About a year ago when TRICK 2015 was happening, there was this
question on how to uniquely identify each entry:
https://twitter.com/mametter/status/660836410149089280

So the scheme used for TRICK 2013 was apparently to just take the
first 32 bits of MD5.  And memorizing 32 bit numbers is indeed
cumbersome.

Thus I set out to write this utility, which takes just the minimal
subset of bits from MD5, and then translate those bits to a human
readable string.

----------------------------------------------------------------------
1. Selecting bits

Despite MD5 having been widely declared as unfit for anything that
demands security, it's still a fine scheme for differentiating files.
And it's so good at doing it, most of the time the first 8 bits would
uniquely identify each file in a set.

Obviously, there are going to be some occasional collisions if we use
just 8 bits, and guaranteed collisions if there are more than 256
files.  This can be avoided by using a slightly more complicated
scheme, by selecting 8 bits from somewhere in the middle of the MD5
digest as opposed to always using the first 8 bits, using 4 extra bits
to encode the byte offset that was selected.

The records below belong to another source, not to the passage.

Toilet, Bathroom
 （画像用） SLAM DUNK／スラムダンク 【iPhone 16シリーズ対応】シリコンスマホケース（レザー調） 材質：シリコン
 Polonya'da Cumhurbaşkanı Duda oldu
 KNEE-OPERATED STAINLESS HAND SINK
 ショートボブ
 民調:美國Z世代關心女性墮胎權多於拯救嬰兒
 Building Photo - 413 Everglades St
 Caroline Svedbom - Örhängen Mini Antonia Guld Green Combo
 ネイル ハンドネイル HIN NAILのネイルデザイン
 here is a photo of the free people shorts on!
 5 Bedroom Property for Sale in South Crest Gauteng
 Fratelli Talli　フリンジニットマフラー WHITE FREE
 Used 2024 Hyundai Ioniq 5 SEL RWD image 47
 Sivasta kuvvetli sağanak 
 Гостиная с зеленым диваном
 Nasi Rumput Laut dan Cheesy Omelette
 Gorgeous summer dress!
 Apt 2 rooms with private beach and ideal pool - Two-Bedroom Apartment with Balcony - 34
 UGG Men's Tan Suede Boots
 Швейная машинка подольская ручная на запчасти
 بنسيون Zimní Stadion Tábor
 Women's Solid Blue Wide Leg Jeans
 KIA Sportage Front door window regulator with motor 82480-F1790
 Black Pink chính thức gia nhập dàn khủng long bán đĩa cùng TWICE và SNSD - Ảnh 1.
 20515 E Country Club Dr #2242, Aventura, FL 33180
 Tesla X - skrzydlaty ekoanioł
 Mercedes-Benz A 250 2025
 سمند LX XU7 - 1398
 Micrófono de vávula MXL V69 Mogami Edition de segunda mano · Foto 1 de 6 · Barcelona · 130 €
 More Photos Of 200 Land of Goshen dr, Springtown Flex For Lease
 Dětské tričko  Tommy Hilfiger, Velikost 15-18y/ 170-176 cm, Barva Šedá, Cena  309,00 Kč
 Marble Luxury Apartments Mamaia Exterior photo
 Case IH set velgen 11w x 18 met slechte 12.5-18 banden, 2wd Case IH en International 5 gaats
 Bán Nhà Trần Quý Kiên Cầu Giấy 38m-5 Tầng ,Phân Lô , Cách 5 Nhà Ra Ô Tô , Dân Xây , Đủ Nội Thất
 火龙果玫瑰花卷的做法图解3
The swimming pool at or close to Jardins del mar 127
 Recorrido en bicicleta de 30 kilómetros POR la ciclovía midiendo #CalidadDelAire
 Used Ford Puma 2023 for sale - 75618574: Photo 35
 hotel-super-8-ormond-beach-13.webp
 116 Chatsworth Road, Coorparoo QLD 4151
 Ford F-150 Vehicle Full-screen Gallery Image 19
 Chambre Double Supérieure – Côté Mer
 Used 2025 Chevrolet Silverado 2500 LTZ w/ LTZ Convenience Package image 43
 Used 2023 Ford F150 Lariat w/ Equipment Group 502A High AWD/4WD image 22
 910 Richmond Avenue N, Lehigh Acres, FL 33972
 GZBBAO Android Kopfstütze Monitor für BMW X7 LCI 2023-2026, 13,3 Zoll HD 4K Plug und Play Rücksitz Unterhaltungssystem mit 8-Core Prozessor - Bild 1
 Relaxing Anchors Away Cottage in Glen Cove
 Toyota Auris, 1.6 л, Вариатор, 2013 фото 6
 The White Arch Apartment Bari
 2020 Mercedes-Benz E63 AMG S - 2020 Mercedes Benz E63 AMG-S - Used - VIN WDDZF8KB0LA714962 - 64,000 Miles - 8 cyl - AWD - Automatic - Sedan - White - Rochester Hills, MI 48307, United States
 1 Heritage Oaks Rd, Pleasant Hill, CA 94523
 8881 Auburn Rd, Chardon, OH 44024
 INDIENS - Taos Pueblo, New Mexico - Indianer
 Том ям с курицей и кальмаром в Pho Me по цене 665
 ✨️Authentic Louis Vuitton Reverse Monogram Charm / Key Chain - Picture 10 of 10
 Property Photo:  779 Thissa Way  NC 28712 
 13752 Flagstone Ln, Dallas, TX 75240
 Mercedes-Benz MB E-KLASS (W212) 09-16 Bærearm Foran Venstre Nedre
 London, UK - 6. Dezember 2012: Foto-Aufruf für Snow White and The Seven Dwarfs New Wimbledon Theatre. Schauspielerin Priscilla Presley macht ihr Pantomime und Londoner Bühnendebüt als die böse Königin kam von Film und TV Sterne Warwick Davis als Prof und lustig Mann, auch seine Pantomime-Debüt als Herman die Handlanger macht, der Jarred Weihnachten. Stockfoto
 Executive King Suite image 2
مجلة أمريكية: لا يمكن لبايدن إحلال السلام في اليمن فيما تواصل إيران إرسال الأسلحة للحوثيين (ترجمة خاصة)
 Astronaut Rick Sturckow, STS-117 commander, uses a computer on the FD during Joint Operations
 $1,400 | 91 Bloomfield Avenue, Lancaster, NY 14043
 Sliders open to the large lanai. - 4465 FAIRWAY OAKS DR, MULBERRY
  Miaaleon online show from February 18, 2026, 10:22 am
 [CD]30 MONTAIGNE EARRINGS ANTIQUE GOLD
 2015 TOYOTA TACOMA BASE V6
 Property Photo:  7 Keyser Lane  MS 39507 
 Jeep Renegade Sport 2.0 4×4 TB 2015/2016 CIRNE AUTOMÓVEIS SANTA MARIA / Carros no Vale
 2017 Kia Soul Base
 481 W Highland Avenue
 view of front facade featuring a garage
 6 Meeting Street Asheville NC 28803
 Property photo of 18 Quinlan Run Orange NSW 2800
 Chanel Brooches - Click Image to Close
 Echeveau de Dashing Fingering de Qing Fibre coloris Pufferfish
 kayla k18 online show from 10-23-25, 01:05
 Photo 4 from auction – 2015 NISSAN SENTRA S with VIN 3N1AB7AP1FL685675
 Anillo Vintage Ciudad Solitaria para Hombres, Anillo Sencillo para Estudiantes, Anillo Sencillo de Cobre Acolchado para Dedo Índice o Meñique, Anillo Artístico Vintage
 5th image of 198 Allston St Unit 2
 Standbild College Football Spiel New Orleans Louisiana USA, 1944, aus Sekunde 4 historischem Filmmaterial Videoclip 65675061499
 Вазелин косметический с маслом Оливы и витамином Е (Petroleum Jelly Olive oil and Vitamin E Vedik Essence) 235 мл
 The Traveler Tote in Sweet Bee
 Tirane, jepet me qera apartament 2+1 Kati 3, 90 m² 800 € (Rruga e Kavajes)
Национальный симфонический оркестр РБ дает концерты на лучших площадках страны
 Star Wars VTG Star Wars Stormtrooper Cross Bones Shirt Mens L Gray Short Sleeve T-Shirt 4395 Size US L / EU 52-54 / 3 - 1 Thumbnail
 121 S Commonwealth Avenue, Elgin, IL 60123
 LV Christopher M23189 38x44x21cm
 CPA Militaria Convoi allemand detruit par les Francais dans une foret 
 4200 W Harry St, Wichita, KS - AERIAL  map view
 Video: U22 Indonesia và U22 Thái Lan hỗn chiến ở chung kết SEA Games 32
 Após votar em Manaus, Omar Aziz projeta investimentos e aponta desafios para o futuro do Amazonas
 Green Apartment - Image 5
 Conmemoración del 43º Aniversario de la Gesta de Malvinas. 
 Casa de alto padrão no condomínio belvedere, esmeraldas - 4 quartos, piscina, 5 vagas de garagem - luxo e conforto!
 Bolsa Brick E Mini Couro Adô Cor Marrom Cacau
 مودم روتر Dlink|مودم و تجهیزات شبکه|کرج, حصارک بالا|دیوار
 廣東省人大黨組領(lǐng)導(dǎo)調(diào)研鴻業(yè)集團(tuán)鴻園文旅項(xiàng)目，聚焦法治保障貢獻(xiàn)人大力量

12 bits, as it turns out, works extremely well.  But if even this
fails (e.g. if there are more than 4096 files), we have a fallback
scheme that selects variable number of bytes.  In effect, this scheme
is never worse than MD5.

----------------------------------------------------------------------
2. Generating words

Having selected 12 bits, we would like to translate these into easily
memorizable words.  This is basically an arbitrary selection of
dictionary words, anything other than numbers are probably fine.  We
don't want numbers because that was what made MD5 difficult to
memorize in the first place.

In the end, I chose fruits.

   4 bits -> taste or attribute
   4 bits -> color or material
   4 bits -> fruit

Another alternative that I considered were animals, but multi-colored
fruits felt less strange to me compared to multi-colored animals.

Yet another alternative considered were different versions of Mobuko,
such as "Tsundere Mobuko", "Doji Mobuyo", etc.  But I think these will
be just as difficult to memorize as numbers.

----------------------------------------------------------------------
3. Testing and formatting

This time around, I have decided on the template image before writing
any code.  Because this is a utility for differentiating files, I
thought the various roles that Mobuko played in "Tesagure!  Bukatsumono"
would be perfect.

Because I haven't published any ASCII art for a year, I wanted a
simpler project to get me back into shape, so I decided to write this
in Perl.  Perl is especially nice for a few reasons:
- MD5 library is part of the standard distribution.

- Fitting text to template can be easily automated.

- Since fitting text to template will be automated, I didn't bother
  recording the coding process, which meant lower development overhead.

So the task is well defined, and the desired end result was planned
ahead of time.  What was left was to just write the first version,
write some shell scripts to verify functionality, and then
incrementally reduce the file size until it's appropriate for ASCII
art.  It was all very straightforward, the only difficulty was finding
time to write it.

----------------------------------------------------------------------
4. Finally...

It has been a while since I wrote recreational code.  Every time I do
it, I do it with slightly more rigor than the previous one.
Eventually I would turn everything into "work".

But I guess that's fine.